We know a great deal about Buchan. There have been previous biographies. The first, excellent like this one, was Janet Adam Smith’s in 1965. There are no secrets in his life. Yet there are mysteries. First, how did this son of a Free Kirk manse, speaking for choice as a child the broad Scots of the borders, become so easily a member of the British establishment? Oxford helped, of course. So did marriage to Susan Grosvenor — but he was in his mid-thirties by the time they met, and an already an accepted figure.

Second, why did this intrepid mountaineer, a man of so many and such varied talents, never quite scale the topmost heights except — arguably — as a writer of the kind of novels he himself dismissed as ‘shockers’. These certainly survive. They are read as the novels of writers more admired in their time — Wells and Bennett, for example — no longer are.

Buchan thought better of his historical novels (just as Conan Doyle preferred Sir Nigel and The White Company to Sherlock Holmes). I think highly of them, too, especially of Witch Wood; but even it is not quite as good as the best of his beloved Scott or Stevenson. His biographies of Scott, Montrose and Augustus are admirable, but biographies are usually superseded. His history of the Great War, published in monthly installments by Nelson’s, was a remarkable achievement, but inevitably long outdated. Yet almost everything he wrote remains readable, partly because he has an unmistakable personal voice. This makes him easy to parody, but few books survive without such individuality.

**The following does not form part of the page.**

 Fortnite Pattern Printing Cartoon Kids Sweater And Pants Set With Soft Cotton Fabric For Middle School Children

His political career was disappointing. He was over 50 when he entered parliament, as MP for the Scottish universities. Too late: Gladstone said that a man might as well start training for the ballet as for the cabinet at the age of 40. In any case, though a Tory, Buchan was a poor party man. Too decent perhaps: Ramsay MacDonald and Stanley Baldwin were the politicians he admired and was close to, while he, quite reasonably, distrusted Lloyd George and Churchill. (He died in February 1940, before Churchill’s annus mirabilis.)

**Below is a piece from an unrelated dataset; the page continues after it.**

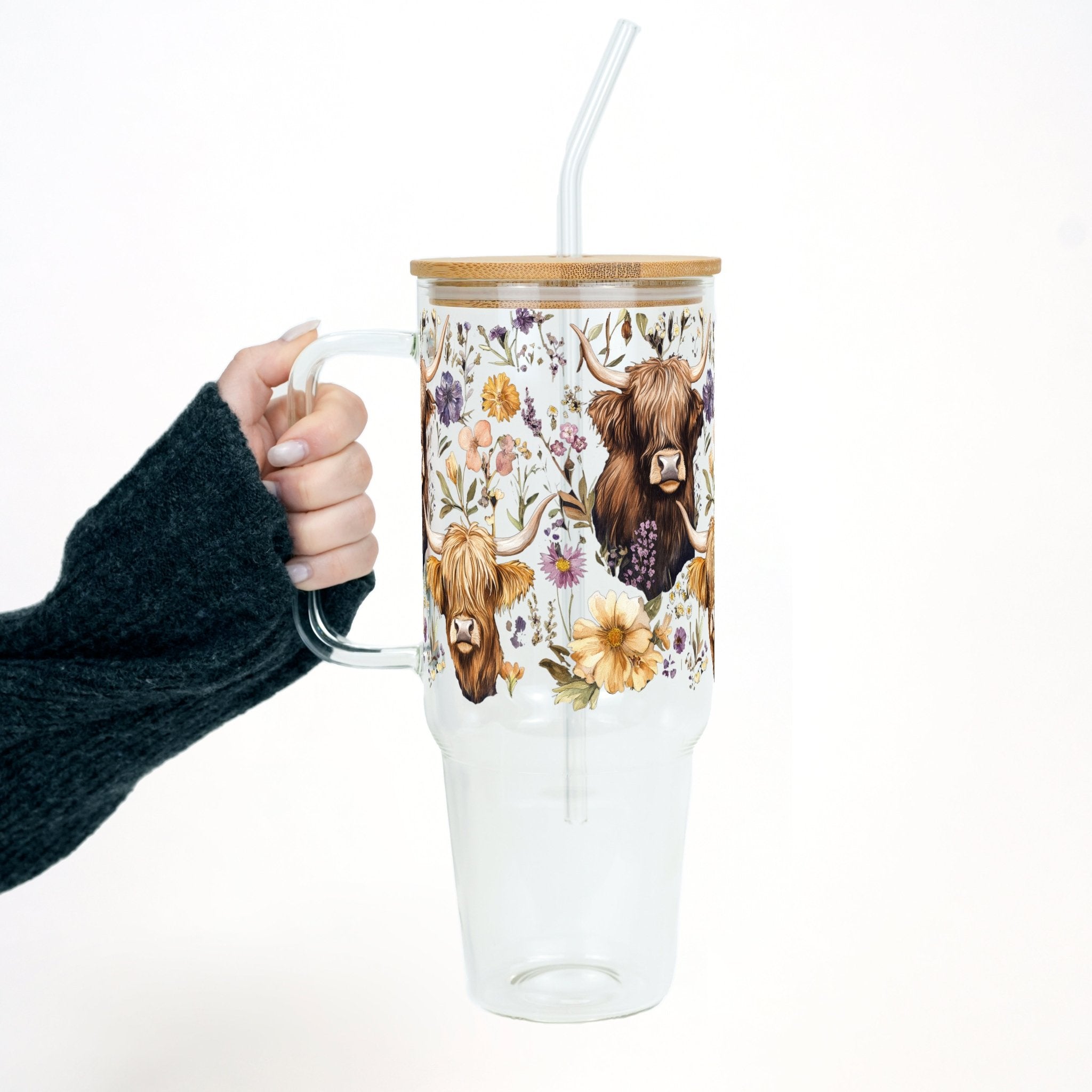 Wildflower Highland Cow 40oz Tumbler With Handle Lid and Straw - Sip Sip Hooray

He was a success as governor-general of Canada, but the post was less than he had looked for — he would have preferred South Africa or the Washington embassy. Canada did give him the material for his last novel, Sick Heart River, which many think his best; his secretary said he was writing a very odd book, ‘so unlike him, so introspective’. Ursula calls it his ‘spiritual testimony’, while making the necessary point that ‘JB was not dying in 1939’ and so didn’t know this would be his final book.

He has been accused of worshipping success. The charge doesn’t stand up. He admired men and women who made the most of their gifts, but only if they did so usefully. Certainly he was happy to have risen in the world — Janet Adam Smith wrote with amusement of JB calling all the Scottish dukes by wrong Christian names. But he was by nature a democrat, and his values remained those of the Free Kirk manse and his close-knit family.

An earlier biographer, Andrew Lownie, pointed up the duality of Buchan’s nature and intellect when he called him a Presbyterian Cavalier. As for the charge of anti-Semitism, still sometimes leveled, Ursula Buchan demonstrates that it is ridiculous. A novelist, as she says, should not be saddled with opinions expressed by his characters. In any case, Presbyterian Scots since the 17th century had identified themselves as a Covenanted nation like the Israelites, and Buchan was a Zionist.

Ursula never knew her grandfather, but she was close to his widow, Susie. Her book is not hagiography, but if it isn’t ‘warts and all’, that is because there were, in truth, very  few warts, only small, scarcely discernible ones. She gives us a strong sense of both the man and his milieu. In short, she has written a good book about a good and extraordinary man who touched life at so many different points and adorned most of what he touched.